Joker’in, mafya liderlerinin karşısına çıkıp yüreklerine korku saldığı o etkileyici sahnede doktrinin devamına şahit oluruz. Joker “bu takım elbise hiç de ucuz değil. Bilmelisiniz ki bunu siz satın aldınız,” der. Verilen mesaj şaşırtıcıdır: “Kötü olanı, yani El-Kaide’yi, Taliban’ı, Saddam’ı, Usame Bin Ladin’i, Amerika düşmanı kötücül güçler finanse ediyor.” Bu kötücül güçlerle başta Çin olmak üzere iktisadi rakiplerin kastedildiği, sahnedeki mafya üyelerinin milliyetinden zaten belli. Ne tuhaftır ki jokerlerin gerçek öyküsünde bir yerlerde mutlaka Amerika finansmanına rastlanır. Yani gerçekçi bir tahminle, Joker bizzat Batman’in mahzeninde tasarlanmış ve büyütülmüş bir “süper-kötü” projesidir.
Filmdeki bir başka “süper proje” Nokia’yı kurtarmak olmuştur. 2008 ekonomik buhranının pençesinde güç kaybeden dev telefon üreticisi, tüm umutlarını yeni piyasaya çıkacak modelini Batman’in eliyle tezgaha koymaya bağlamıştır. Evet, pek fark etmesek de filmde tam 19 saniye boyunca Nokia 5800 modelinin reklamı izleriz. Bize ürünü bizzat Morgan Freeman ve Cristian Bale tanıttı. Telefon çok geçmeden dünya çapında satış rekorları kırdı ve Nokia’ya finansal anlamda can suyu verdi. Telefonu alanlar, içinde etkileyici bir film fragmanının olduğunu fark ettiler. O fragman elbette Kara Şövalye filmine aitti.
Sinemanın tüm bu iktisadi malzemeleri bazılarına biraz tuhaf gelebilir. İnsan bu süper kahraman filmini izlerken şu soruları sormadan edemez: Batman neden var? Süper kahramanlar neden var? Süper kahramanlar kimler tarafından ne için yaratıldı? Amaçları bizi eğlendirmek mi? Hayal dünyamızı zenginleştirmek mi? Çocukluğumuzu daha mutlu kılmak için mi varlar? Bu soruların yanıtı süper kahramanların hayat hikâyelerinde gizli.

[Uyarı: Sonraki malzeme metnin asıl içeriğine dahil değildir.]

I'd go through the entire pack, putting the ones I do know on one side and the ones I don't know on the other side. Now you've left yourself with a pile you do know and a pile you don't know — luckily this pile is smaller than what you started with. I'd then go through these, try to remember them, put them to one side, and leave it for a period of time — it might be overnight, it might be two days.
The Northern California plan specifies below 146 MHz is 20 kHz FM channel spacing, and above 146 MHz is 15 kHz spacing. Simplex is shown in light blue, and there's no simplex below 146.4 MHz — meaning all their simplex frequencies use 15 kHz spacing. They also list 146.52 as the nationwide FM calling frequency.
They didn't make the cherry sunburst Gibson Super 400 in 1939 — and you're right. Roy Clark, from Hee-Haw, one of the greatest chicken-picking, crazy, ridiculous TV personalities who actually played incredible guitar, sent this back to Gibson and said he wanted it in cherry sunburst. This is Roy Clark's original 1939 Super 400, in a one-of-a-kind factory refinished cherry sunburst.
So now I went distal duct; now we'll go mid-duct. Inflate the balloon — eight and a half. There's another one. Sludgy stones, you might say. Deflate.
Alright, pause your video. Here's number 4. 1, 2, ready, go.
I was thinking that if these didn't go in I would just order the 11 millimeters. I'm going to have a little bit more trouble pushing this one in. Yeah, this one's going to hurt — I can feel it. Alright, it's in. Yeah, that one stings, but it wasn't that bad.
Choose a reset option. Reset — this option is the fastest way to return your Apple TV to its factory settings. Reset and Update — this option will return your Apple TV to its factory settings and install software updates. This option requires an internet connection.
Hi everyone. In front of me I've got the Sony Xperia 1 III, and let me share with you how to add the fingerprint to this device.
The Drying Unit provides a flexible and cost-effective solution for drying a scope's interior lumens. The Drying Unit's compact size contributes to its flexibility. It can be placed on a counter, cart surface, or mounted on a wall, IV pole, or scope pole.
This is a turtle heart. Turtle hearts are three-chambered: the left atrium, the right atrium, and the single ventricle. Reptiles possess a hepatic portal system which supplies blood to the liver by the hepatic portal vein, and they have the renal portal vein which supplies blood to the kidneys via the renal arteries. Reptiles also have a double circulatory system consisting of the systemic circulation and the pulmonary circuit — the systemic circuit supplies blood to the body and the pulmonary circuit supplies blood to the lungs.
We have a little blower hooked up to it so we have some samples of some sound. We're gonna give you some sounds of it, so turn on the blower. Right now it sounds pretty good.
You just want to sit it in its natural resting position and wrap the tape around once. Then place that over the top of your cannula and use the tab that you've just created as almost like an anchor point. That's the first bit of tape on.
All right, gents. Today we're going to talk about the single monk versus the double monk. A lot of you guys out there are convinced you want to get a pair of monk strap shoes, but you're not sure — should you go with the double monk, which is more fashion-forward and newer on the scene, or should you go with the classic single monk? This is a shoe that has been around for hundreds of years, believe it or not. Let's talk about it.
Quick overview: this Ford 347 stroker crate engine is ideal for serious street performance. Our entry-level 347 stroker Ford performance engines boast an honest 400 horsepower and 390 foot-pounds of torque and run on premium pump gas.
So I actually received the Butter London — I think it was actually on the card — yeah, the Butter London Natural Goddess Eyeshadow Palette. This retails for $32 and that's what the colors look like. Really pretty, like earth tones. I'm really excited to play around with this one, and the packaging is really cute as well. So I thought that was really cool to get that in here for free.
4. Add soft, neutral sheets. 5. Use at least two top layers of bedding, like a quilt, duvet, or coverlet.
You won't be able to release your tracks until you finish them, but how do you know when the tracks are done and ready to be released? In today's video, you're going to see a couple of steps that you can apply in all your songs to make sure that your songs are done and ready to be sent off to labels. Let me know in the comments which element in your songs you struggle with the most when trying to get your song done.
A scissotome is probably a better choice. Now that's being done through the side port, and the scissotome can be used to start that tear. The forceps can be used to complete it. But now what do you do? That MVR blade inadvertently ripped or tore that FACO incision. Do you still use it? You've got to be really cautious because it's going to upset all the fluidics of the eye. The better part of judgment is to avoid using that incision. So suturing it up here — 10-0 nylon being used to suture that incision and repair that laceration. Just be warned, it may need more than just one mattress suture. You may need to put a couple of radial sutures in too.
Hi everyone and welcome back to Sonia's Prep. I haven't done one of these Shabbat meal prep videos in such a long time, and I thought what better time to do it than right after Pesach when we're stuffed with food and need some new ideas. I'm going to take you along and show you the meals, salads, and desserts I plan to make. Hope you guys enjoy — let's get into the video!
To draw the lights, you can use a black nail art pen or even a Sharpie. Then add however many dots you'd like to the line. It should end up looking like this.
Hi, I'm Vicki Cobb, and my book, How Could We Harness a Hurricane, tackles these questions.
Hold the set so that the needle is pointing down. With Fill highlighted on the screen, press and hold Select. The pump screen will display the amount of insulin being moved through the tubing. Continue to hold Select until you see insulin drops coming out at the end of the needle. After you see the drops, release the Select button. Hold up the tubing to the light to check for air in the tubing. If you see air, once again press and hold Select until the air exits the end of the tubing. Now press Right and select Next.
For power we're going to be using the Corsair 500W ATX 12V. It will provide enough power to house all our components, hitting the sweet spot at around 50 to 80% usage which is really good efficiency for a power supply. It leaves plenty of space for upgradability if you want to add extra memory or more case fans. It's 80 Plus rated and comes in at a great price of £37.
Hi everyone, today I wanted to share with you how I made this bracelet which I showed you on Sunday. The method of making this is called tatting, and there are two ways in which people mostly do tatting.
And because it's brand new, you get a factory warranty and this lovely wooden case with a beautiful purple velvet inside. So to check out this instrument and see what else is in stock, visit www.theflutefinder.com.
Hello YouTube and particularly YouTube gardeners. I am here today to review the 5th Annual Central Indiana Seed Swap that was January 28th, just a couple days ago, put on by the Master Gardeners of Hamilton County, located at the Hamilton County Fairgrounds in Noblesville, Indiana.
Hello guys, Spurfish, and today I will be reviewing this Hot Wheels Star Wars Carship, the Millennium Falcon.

Superman’in doğum tarihi 1938’dir. Bu tarih dünyayı kasıp kavuran ve “Büyük Buhran” diye anılan ekonomik krizin son yıllarına denk gelir. Batman’in doğumu ise 1939’dur. Superman ve Batman’in kardeş olduğu açıktır. Büyük Buhran ile aynı tarihlere denk gelen ve “çizgi romanların altın çağı” diye anılan tarihsel dönemde dünyaya getirilmişlerdir. Bu kurtarıcı süper kahramanların gerçekte yoksulluk, açlık ve işsizlik ile boğuşan Amerikan halkını kurtardığı açıktır. Bunu doğaüstü güçleriyle değil, dünyada hakim kılınan ABD merkezli pazar psikolojisini desteklemeleriyle yaptılar. Basit bir ifadeyle onlar süperdi ana vatanları da süper güçtü. Şüphesiz bugün sinema filmlerinin yaptığı etkileşimli eğitim o zamanlar çizgi romanlar üzerinden yapılıyordu.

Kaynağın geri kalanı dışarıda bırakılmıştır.